2. Did Respondent usurp the jurisdiction exclusively vested by 
Title 28, USC § 2281 in a United States District Court of three 
judges by entering the June 14, 1972 Ruling and Order which 
restrains the enforcement, operation and execution of various 
Michigan statutes?

REASONS WHY WRIT SHOULD ISSUE

I. As a non-party, Petitioner cannot appeal Respondent’s June 
14, 1972 Ruling and Order. That order has immense impact upon 
the 9,300 children being educated by Petitioner and upon the 
770,000 other children being educated within the 54 districts the 
order affects. The totally unknown effects which massive 
tri-county busing may have upon the education and safety of these 
children as well as the undeterminable cost in time and dollars of 
the order’s implementation make this a matter of “public 
importance” and a “case appropriate for the extraordinary writs.” 
Morrow v. District o f  Columbia, 417 F.2d 728 (C.A. D.C. 1969) at 
736,737.

II. Petitioner seeks the writ traditionally used to confine an 
inferior court to a lawful exercise of its prescribed jurisdiction. 
Roche v. Evaporated Milk Association, 319 U.S. 21 (1943) at 26. 
Petitioner is not and never has been a party to Bradley y.Milliken. 
Only parties who have been properly subjected to a federal court’s 
in personam jurisdiction, and those who have been shown to have 
acted in concert with such parties, can be legally subjected to the 
provisions of its injunctive orders. FRCP, Rule 65(d), specifically 
states: “Every order granting an injunction. . .is binding only upon 
the parties to the action, their officers, agents, servants, 
employees, and attorneys, and upon those persons that act in 
concert or participation with them. . . . ”

The evils prohibited by this provision of Rule 65 were 
articulated by Judge Learned Hand in Alemite Manufacturing 
Corporation v.

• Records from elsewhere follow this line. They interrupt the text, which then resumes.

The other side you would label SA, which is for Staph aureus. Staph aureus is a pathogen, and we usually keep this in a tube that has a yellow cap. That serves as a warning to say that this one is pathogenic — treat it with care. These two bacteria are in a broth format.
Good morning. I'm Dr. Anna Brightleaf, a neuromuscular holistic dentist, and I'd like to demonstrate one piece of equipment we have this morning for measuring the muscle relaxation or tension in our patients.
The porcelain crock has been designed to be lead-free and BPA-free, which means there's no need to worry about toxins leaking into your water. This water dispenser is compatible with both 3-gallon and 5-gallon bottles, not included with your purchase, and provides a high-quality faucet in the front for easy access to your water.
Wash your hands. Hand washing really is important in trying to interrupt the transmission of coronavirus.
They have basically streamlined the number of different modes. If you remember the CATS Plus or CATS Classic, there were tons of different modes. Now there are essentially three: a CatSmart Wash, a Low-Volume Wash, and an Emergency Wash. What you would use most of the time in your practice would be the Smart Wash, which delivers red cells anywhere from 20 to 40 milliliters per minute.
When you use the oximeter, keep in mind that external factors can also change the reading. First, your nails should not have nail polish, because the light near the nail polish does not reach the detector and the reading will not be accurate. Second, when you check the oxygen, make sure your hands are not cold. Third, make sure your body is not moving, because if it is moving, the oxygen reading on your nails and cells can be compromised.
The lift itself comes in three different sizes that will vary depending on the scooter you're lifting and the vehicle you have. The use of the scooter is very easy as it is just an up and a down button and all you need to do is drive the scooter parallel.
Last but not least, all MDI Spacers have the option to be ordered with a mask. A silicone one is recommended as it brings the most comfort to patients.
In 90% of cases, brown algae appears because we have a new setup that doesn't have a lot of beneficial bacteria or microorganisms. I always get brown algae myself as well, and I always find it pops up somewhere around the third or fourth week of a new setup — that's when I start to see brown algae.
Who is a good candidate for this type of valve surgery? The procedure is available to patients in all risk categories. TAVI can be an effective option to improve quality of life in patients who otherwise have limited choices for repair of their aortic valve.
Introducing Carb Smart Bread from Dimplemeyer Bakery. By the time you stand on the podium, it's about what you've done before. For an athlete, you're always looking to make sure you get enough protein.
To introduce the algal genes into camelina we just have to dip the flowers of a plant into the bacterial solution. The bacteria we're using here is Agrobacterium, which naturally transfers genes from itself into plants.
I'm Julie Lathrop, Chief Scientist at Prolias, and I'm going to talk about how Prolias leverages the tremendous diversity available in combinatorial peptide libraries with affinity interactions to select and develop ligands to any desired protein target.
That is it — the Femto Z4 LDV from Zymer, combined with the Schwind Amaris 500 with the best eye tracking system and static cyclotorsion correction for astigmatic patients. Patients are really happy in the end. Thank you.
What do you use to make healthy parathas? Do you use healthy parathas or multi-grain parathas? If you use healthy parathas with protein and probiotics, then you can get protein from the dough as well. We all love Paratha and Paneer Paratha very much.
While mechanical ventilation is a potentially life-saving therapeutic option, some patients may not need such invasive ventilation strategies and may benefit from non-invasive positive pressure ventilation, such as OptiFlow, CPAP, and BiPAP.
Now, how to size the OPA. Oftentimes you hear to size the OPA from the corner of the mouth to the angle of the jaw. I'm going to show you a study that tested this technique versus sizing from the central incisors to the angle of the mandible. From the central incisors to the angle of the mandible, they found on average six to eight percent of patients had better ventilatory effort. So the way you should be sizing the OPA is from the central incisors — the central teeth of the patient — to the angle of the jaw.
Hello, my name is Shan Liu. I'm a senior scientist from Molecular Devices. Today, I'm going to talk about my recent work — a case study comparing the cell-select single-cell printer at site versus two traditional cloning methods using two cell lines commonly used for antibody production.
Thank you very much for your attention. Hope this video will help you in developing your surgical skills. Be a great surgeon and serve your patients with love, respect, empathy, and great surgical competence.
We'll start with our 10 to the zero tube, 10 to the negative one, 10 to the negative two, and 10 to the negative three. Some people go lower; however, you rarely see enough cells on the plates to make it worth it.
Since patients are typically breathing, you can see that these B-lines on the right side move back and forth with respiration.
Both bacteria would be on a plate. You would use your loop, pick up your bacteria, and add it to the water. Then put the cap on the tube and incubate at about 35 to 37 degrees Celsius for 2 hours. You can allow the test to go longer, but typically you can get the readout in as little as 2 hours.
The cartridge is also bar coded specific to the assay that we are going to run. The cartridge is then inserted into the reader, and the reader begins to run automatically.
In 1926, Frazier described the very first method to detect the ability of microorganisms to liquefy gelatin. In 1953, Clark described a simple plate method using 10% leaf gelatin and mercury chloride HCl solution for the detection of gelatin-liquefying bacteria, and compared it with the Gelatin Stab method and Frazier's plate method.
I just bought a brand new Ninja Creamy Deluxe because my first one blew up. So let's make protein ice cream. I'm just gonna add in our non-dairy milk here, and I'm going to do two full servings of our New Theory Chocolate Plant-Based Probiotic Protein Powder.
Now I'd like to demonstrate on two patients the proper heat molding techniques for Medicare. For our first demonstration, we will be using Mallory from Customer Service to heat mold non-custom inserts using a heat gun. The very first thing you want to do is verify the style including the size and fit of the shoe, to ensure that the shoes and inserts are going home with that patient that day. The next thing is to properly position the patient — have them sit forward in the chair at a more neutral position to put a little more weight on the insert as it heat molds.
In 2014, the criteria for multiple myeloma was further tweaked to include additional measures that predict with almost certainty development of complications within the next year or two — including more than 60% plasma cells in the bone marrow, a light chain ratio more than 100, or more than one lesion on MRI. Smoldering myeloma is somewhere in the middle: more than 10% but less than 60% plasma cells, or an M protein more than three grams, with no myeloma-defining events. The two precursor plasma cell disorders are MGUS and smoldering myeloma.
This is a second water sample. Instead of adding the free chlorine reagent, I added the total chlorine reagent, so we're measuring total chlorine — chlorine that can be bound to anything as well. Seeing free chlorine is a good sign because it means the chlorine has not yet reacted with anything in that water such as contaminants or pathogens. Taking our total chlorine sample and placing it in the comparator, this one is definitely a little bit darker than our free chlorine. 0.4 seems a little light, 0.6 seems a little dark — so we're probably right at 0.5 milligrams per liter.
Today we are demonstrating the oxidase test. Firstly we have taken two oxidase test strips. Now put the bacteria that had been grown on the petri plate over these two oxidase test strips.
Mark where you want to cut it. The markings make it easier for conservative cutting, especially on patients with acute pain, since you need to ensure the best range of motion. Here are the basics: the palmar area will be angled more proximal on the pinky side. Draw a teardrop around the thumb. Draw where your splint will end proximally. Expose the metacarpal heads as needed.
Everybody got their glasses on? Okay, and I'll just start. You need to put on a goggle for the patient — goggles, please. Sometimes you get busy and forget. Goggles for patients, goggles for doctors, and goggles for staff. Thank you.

Staff, 42 F.2d 832, 833 (2d Cir. 1930), as follows:



7a

. .no court can make a decree which will bind anyone but a 
party; a court of equity is as much so limited as a court of 
law; it cannot lawfully enjoin the world at large, no matter 
how broadly it words its decree. If it assumes to do so, the 
decree is pro tanto brutum fulmen, and the persons enjoined 
are free to ignore it. It is not vested with sovereign powers to 
declare conduct unlawful; its jurisdiction is limited to those 
over whom it gets personal service, and who therefore can 
have their day in court.

* * *

“This is far from being a formal distinction; it goes deep 
into powers of a court of equity. . . .It is by ignoring such 
procedural limitations that the injunction of a court of 
equity may by slow steps be made to realize the worst fears 
of those who are jealous of its prerogative.”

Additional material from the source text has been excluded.